AS: The conversation of motherhood is closely linked to your mission, what collaborations are you planning?

OR: Not shying away from the complexities of women working in the arts, OXH Gallery’s partnership with Florida’s first and only women’s museum, Museum of Motherhood, which highlights m/others and others in the arts, science and herstory making waves and changing narratives reflects the gallery’s intention to cultivate friendships and visibility beyond ideological and geographical limitations in order to create the nexus of women-inspired art and culture in our world today.

The We Build Tampa Bay initiative—creating culture beyond the bridges—focuses on MOM’s 2025 Academic & Arts 20th Anniversary Conference (March 14-16th) supported by a generous partnership with USF (St Pete & Tampa). The culmination of conference activities is presented by OXH Gallery, followed by the MoM Art Auction launch event in collaboration with the gallery and international artists, activists, and academics taking place on March 18th.

AS: How can artists get involved with your incredible initiative?

OR: What makes this initiative incredible, as you put it, is the emphasis on facilitating impactful and long lasting collaborations in order to create networks of joy. MoM fosters a compassionate, inclusive community that uplifts individual stories and celebrates women’s vital role in our cultural narrative and OXH Gallery is always open to consider any form of collaboration with regional, national and international women artists.

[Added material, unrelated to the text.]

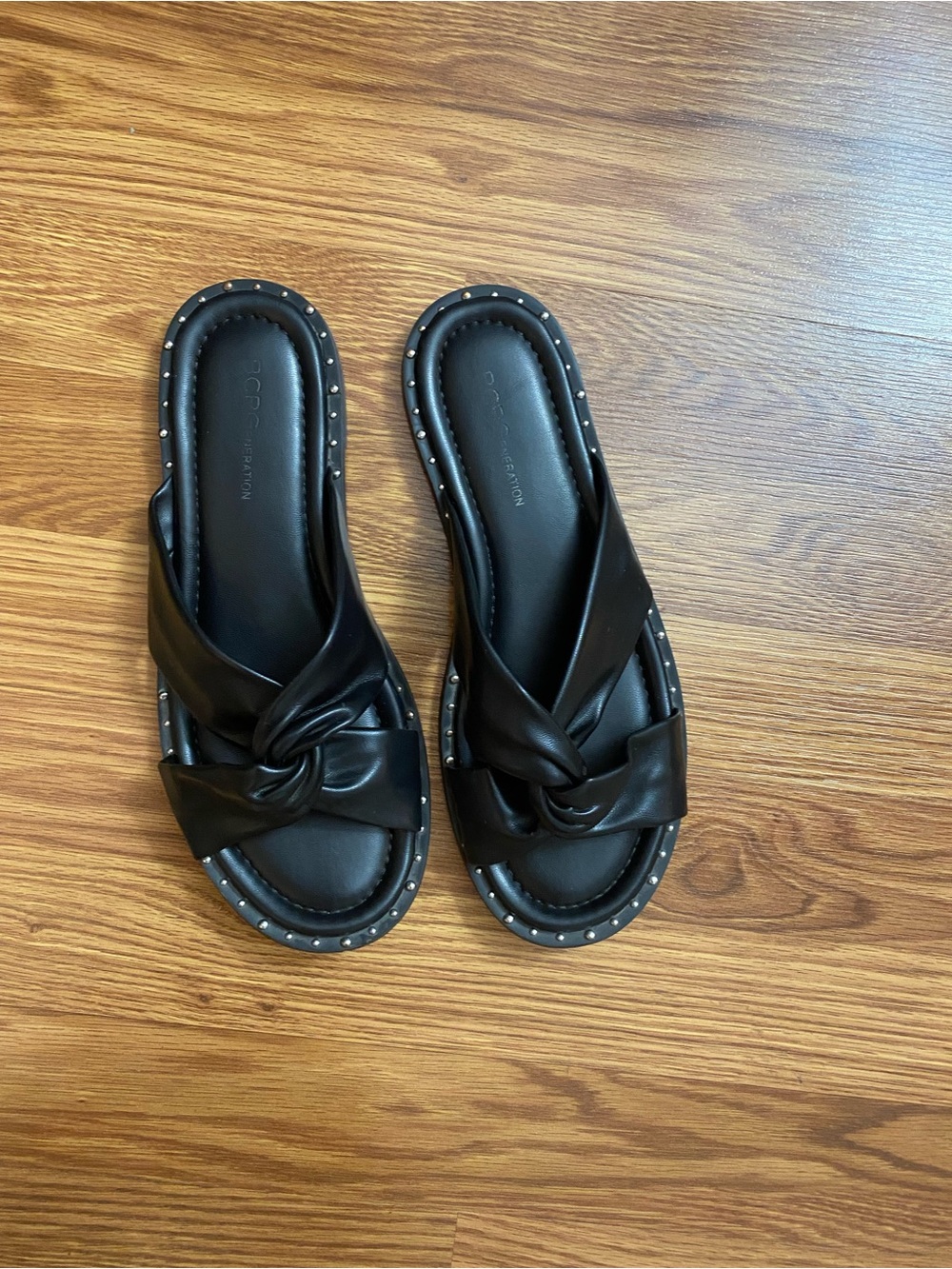 BCBGeneration Black Knotted Slide Sandals with Studded Trim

AS: Your current show Time Shards is a two person exhibition showcasing ceramic and glass conceptual work. Can you tell me a little bit more about how you came to curate the show?

OR: Deeply interested in shifting perspectives and the power of the imaginative act to reshape reality, even in its current broken state, into a luminous world offering endless possibilities, I felt simultaneously drawn to the work of Delaina Doshi and Rebeca Lopera. Doshi is an ex-vangelical Daughter of the American Revolution raised in the rural Midwest, now married to a first-generation Indian American, nurturing a daughter amidst the intersections of those worlds. Rebeca Lopera, a Madrid-born artist who moved to Miami without speaking a word of English, has succeeded in turning the fragility and vulnerability of her new reality into a source of personal and professional success.

What most interests me is how both these artists, under the guise of metaphors, investigate “the act of transformation” through a densely layered representation of their personal experiences.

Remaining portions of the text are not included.